== Exercise aim ==
Each line of the listing where the string "open" appears is to be identified and copied.

:: Data in this exercise ::

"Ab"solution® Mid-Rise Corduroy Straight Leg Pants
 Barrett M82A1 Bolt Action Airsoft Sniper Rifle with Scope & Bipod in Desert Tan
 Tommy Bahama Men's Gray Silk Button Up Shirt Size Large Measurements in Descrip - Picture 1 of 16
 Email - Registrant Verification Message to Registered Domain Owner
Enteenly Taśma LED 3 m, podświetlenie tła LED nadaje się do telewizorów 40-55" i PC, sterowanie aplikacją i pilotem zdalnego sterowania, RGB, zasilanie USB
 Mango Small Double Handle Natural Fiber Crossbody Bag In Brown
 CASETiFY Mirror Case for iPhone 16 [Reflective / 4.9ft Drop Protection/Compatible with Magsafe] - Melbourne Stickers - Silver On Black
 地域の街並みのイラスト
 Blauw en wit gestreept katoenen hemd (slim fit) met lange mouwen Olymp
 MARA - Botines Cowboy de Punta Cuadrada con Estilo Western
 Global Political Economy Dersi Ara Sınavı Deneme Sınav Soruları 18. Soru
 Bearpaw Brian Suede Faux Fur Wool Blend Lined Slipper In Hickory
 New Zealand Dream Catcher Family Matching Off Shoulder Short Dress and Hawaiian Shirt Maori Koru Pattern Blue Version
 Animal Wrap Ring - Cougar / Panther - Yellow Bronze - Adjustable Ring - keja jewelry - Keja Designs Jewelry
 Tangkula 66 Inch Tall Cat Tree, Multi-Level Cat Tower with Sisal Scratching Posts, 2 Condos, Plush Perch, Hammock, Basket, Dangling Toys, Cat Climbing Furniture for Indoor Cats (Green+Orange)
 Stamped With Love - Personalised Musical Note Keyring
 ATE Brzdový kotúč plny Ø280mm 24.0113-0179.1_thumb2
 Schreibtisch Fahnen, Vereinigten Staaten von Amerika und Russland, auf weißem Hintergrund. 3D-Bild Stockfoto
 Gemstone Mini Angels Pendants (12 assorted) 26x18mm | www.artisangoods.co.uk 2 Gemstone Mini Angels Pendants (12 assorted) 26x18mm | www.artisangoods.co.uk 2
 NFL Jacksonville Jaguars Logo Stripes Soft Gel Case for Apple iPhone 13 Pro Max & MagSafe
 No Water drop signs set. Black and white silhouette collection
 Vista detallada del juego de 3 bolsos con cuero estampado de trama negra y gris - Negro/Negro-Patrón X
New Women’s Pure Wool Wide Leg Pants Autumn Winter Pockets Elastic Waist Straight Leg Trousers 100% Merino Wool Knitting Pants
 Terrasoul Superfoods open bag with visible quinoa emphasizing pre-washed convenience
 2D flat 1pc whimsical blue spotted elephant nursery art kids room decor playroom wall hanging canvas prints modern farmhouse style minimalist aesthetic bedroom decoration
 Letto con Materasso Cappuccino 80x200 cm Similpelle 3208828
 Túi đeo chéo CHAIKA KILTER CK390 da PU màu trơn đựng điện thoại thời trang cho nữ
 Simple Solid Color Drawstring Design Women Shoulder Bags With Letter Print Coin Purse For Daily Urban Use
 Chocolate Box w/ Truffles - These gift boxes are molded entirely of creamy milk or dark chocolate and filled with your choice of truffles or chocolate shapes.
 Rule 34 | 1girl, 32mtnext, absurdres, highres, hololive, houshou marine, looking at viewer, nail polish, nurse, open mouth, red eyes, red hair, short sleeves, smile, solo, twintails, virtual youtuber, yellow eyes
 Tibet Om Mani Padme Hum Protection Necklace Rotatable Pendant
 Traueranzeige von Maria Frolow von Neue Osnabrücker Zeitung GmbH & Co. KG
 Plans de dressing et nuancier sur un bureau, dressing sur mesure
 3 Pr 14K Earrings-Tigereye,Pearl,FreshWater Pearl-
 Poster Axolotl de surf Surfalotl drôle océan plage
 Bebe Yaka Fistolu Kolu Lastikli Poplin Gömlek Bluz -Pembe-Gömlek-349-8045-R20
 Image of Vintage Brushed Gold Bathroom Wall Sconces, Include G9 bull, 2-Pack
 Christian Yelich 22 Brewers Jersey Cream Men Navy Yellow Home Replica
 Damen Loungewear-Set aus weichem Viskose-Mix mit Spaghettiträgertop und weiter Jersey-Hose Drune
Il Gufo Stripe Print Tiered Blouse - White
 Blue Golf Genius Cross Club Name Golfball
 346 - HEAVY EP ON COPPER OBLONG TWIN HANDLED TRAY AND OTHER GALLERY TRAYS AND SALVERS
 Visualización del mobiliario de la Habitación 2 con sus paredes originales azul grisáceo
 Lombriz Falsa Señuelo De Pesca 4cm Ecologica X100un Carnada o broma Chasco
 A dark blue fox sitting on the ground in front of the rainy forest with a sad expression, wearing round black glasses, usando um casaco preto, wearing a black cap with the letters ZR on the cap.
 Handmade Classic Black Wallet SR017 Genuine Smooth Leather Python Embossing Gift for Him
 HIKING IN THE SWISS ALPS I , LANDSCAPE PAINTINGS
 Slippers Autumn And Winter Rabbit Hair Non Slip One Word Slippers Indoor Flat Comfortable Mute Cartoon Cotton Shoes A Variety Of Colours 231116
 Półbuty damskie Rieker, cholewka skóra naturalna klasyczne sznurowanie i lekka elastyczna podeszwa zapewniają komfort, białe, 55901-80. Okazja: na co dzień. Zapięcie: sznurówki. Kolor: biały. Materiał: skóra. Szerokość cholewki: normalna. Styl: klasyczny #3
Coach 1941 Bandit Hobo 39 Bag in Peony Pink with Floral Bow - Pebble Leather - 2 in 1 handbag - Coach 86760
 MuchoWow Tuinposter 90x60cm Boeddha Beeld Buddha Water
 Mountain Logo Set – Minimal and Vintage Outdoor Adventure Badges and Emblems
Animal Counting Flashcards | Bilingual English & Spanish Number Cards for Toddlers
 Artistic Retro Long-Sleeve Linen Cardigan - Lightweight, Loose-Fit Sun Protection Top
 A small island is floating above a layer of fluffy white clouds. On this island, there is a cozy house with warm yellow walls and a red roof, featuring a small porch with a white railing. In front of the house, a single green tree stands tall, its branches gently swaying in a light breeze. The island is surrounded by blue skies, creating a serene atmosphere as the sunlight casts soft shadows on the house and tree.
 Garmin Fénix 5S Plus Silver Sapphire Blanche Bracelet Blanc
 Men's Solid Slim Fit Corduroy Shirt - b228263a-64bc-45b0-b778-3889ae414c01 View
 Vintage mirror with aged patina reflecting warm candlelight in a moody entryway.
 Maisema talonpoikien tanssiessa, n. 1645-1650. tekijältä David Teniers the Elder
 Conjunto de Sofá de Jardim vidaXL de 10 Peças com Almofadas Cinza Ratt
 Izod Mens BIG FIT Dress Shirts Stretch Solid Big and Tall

:::

== Exercise response ==
 Terrasoul Superfoods open bag with visible quinoa emphasizing pre-washed convenience
 Rule 34 | 1girl, 32mtnext, absurdres, highres, hololive, houshou marine, looking at viewer, nail polish, nurse, open mouth, red eyes, red hair, short sleeves, smile, solo, twintails, virtual youtuber, yellow eyes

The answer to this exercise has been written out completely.